* **WORK REQUEST**: The entire listing below must be written out word for word.

-------- ENTRIES PROVIDED

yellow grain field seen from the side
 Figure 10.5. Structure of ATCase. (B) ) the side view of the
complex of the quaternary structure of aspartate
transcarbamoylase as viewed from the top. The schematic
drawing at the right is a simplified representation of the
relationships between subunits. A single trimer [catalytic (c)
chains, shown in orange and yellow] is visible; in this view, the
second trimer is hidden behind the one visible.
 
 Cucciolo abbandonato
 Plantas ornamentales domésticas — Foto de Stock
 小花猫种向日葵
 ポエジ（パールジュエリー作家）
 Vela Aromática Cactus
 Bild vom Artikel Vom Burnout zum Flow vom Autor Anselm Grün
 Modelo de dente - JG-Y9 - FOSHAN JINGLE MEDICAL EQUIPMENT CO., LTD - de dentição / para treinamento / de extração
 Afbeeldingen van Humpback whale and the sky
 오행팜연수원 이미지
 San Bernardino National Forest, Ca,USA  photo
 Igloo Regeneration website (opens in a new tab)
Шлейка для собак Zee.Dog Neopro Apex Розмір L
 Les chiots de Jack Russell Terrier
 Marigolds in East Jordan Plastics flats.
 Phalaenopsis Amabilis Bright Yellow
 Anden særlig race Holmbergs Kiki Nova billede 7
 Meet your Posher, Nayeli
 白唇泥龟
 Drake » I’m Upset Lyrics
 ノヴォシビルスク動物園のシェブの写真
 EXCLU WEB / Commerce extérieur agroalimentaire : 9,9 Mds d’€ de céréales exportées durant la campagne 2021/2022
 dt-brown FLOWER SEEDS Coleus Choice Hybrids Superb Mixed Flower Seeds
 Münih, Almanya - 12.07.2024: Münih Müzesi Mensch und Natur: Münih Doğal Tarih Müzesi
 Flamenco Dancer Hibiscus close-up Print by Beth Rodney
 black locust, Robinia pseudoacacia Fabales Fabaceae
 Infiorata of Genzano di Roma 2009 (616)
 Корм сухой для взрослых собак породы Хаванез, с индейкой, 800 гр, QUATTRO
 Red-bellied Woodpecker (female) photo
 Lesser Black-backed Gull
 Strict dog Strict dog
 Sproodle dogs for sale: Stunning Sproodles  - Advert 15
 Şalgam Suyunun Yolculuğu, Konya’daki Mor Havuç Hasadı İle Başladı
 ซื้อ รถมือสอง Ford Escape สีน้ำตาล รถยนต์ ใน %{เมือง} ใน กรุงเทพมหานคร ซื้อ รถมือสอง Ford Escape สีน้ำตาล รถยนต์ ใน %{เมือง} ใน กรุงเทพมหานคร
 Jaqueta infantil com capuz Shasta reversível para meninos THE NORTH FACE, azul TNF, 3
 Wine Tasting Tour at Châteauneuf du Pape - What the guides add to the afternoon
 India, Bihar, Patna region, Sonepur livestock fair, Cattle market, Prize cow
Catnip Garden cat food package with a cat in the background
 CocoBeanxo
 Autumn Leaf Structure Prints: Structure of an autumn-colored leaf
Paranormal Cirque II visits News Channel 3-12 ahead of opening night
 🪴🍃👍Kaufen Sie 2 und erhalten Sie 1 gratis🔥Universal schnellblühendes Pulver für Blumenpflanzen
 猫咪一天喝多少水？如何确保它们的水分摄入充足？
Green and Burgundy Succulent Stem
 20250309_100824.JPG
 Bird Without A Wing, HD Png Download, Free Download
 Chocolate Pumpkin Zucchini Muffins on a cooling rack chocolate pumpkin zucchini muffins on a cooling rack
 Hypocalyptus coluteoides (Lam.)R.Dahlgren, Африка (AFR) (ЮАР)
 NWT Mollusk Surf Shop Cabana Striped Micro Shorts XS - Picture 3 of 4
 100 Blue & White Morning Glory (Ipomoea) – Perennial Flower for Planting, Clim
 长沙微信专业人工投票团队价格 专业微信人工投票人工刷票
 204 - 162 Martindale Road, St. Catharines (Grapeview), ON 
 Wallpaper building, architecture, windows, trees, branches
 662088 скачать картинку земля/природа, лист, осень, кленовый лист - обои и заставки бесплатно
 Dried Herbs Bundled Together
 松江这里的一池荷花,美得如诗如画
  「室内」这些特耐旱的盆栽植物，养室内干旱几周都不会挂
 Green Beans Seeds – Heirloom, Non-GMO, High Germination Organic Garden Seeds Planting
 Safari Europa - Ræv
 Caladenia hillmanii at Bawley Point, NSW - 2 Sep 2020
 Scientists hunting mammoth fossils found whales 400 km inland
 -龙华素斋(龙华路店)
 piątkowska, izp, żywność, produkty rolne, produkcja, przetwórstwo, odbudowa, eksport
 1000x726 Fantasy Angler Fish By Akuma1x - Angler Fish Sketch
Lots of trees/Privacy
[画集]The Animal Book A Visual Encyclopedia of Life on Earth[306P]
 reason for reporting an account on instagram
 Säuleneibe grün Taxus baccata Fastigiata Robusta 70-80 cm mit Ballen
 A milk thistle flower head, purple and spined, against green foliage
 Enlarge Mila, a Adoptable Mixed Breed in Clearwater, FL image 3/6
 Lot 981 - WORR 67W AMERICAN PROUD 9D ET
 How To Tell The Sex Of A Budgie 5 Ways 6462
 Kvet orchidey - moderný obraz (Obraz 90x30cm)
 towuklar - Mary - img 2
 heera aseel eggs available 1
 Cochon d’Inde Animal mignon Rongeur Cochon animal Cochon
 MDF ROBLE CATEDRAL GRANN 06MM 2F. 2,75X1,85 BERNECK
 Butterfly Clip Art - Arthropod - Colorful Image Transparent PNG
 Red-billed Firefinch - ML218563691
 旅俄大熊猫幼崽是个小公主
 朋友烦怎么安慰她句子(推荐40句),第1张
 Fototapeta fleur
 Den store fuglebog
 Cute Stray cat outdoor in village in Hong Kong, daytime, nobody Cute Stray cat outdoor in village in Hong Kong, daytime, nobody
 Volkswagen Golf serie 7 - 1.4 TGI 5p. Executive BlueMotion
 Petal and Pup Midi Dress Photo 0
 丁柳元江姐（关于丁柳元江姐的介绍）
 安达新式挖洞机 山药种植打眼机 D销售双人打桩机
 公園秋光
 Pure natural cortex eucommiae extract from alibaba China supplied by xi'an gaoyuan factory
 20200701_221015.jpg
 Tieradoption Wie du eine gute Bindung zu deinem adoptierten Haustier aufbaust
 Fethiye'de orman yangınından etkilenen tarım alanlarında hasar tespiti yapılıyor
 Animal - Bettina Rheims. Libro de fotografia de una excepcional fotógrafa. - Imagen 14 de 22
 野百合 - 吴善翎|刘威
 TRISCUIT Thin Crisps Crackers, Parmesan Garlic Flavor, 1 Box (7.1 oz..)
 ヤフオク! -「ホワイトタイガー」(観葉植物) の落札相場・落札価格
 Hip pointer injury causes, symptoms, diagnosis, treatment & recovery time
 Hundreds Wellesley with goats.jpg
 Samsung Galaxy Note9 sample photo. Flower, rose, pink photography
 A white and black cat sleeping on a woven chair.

----------------

* **EXERCISE SOLUTION**:
yellow grain field seen from the side
 Figure 10.5. Structure of ATCase. (B) ) the side view of the
complex of the quaternary structure of aspartate
transcarbamoylase as viewed from the top. The schematic
drawing at the right is a simplified representation of the
relationships between subunits. A single trimer [catalytic (c)
chains, shown in orange and yellow] is visible; in this view, the
second trimer is hidden behind the one visible.
 
 Cucciolo abbandonato
 Plantas ornamentales domésticas — Foto de Stock
 小花猫种向日葵
 ポエジ（パールジュエリー作家）
 Vela Aromática Cactus
 Bild vom Artikel Vom Burnout zum Flow vom Autor Anselm Grün
 Modelo de dente - JG-Y9 - FOSHAN JINGLE MEDICAL EQUIPMENT CO., LTD - de dentição / para treinamento / de extração
 Afbeeldingen van Humpback whale and the sky
 오행팜연수원 이미지
 San Bernardino National Forest, Ca,USA  photo
 Igloo Regeneration website (opens in a new tab)
Шлейка для собак Zee.Dog Neopro Apex Розмір L
 Les chiots de Jack Russell Terrier
 Marigolds in East Jordan Plastics flats.
 Phalaenopsis Amabilis Bright Yellow
 Anden særlig race Holmbergs Kiki Nova billede 7
 Meet your Posher, Nayeli
 白唇泥龟
 Drake » I’m Upset Lyrics
 ノヴォシビルスク動物園のシェブの写真
 EXCLU WEB / Commerce extérieur agroalimentaire : 9,9 Mds d’€ de céréales exportées durant la campagne 2021/2022
 dt-brown FLOWER SEEDS Coleus Choice Hybrids Superb Mixed Flower Seeds
 Münih, Almanya - 12.07.2024: Münih Müzesi Mensch und Natur: Münih Doğal Tarih Müzesi
 Flamenco Dancer Hibiscus close-up Print by Beth Rodney
 black locust, Robinia pseudoacacia Fabales Fabaceae
 Infiorata of Genzano di Roma 2009 (616)
 Корм сухой для взрослых собак породы Хаванез, с индейкой, 800 гр, QUATTRO
 Red-bellied Woodpecker (female) photo
 Lesser Black-backed Gull
 Strict dog Strict dog
 Sproodle dogs for sale: Stunning Sproodles  - Advert 15
 Şalgam Suyunun Yolculuğu, Konya’daki Mor Havuç Hasadı İle Başladı
 ซื้อ รถมือสอง Ford Escape สีน้ำตาล รถยนต์ ใน %{เมือง} ใน กรุงเทพมหานคร ซื้อ รถมือสอง Ford Escape สีน้ำตาล รถยนต์ ใน %{เมือง} ใน กรุงเทพมหานคร
 Jaqueta infantil com capuz Shasta reversível para meninos THE NORTH FACE, azul TNF, 3
 Wine Tasting Tour at Châteauneuf du Pape - What the guides add to the afternoon
 India, Bihar, Patna region, Sonepur livestock fair, Cattle market, Prize cow
Catnip Garden cat food package with a cat in the background
 CocoBeanxo
 Autumn Leaf Structure Prints: Structure of an autumn-colored leaf
Paranormal Cirque II visits News Channel 3-12 ahead of opening night
 🪴🍃👍Kaufen Sie 2 und erhalten Sie 1 gratis🔥Universal schnellblühendes Pulver für Blumenpflanzen
 猫咪一天喝多少水？如何确保它们的水分摄入充足？
Green and Burgundy Succulent Stem
 20250309_100824.JPG
 Bird Without A Wing, HD Png Download, Free Download
 Chocolate Pumpkin Zucchini Muffins on a cooling rack chocolate pumpkin zucchini muffins on a cooling rack
 Hypocalyptus coluteoides (Lam.)R.Dahlgren, Африка (AFR) (ЮАР)
 NWT Mollusk Surf Shop Cabana Striped Micro Shorts XS - Picture 3 of 4
 100 Blue & White Morning Glory (Ipomoea) – Perennial Flower for Planting, Clim
 长沙微信专业人工投票团队价格 专业微信人工投票人工刷票
 204 - 162 Martindale Road, St. Catharines (Grapeview), ON 
 Wallpaper building, architecture, windows, trees, branches
 662088 скачать картинку земля/природа, лист, осень, кленовый лист - обои и заставки бесплатно
 Dried Herbs Bundled Together
 松江这里的一池荷花,美得如诗如画
  「室内」这些特耐旱的盆栽植物，养室内干旱几周都不会挂
 Green Beans Seeds – Heirloom, Non-GMO, High Germination Organic Garden Seeds Planting
 Safari Europa - Ræv
 Caladenia hillmanii at Bawley Point, NSW - 2 Sep 2020
 Scientists hunting mammoth fossils found whales 400 km inland
 -龙华素斋(龙华路店)
 piątkowska, izp, żywność, produkty rolne, produkcja, przetwórstwo, odbudowa, eksport
 1000x726 Fantasy Angler Fish By Akuma1x - Angler Fish Sketch
Lots of trees/Privacy
[画集]The Animal Book A Visual Encyclopedia of Life on Earth[306P]
 reason for reporting an account on instagram
 Säuleneibe grün Taxus baccata Fastigiata Robusta 70-80 cm mit Ballen
 A milk thistle flower head, purple and spined, against green foliage
 Enlarge Mila, a Adoptable Mixed Breed in Clearwater, FL image 3/6
 Lot 981 - WORR 67W AMERICAN PROUD 9D ET
 How To Tell The Sex Of A Budgie 5 Ways 6462
 Kvet orchidey - moderný obraz (Obraz 90x30cm)
 towuklar - Mary - img 2
 heera aseel eggs available 1
 Cochon d’Inde Animal mignon Rongeur Cochon animal Cochon
 MDF ROBLE CATEDRAL GRANN 06MM 2F. 2,75X1,85 BERNECK
 Butterfly Clip Art - Arthropod - Colorful Image Transparent PNG
 Red-billed Firefinch - ML218563691
 旅俄大熊猫幼崽是个小公主
 朋友烦怎么安慰她句子(推荐40句),第1张
 Fototapeta fleur
 Den store fuglebog
 Cute Stray cat outdoor in village in Hong Kong, daytime, nobody Cute Stray cat outdoor in village in Hong Kong, daytime, nobody
 Volkswagen Golf serie 7 - 1.4 TGI 5p. Executive BlueMotion
 Petal and Pup Midi Dress Photo 0
 丁柳元江姐（关于丁柳元江姐的介绍）
 安达新式挖洞机 山药种植打眼机 D销售双人打桩机
 公園秋光
 Pure natural cortex eucommiae extract from alibaba China supplied by xi'an gaoyuan factory
 20200701_221015.jpg
 Tieradoption Wie du eine gute Bindung zu deinem adoptierten Haustier aufbaust
 Fethiye'de orman yangınından etkilenen tarım alanlarında hasar tespiti yapılıyor
 Animal - Bettina Rheims. Libro de fotografia de una excepcional fotógrafa. - Imagen 14 de 22
 野百合 - 吴善翎|刘威
 TRISCUIT Thin Crisps Crackers, Parmesan Garlic Flavor, 1 Box (7.1 oz..)
 ヤフオク! -「ホワイトタイガー」(観葉植物) の落札相場・落札価格
 Hip pointer injury causes, symptoms, diagnosis, treatment & recovery time
 Hundreds Wellesley with goats.jpg
 Samsung Galaxy Note9 sample photo. Flower, rose, pink photography
 A white and black cat sleeping on a woven chair.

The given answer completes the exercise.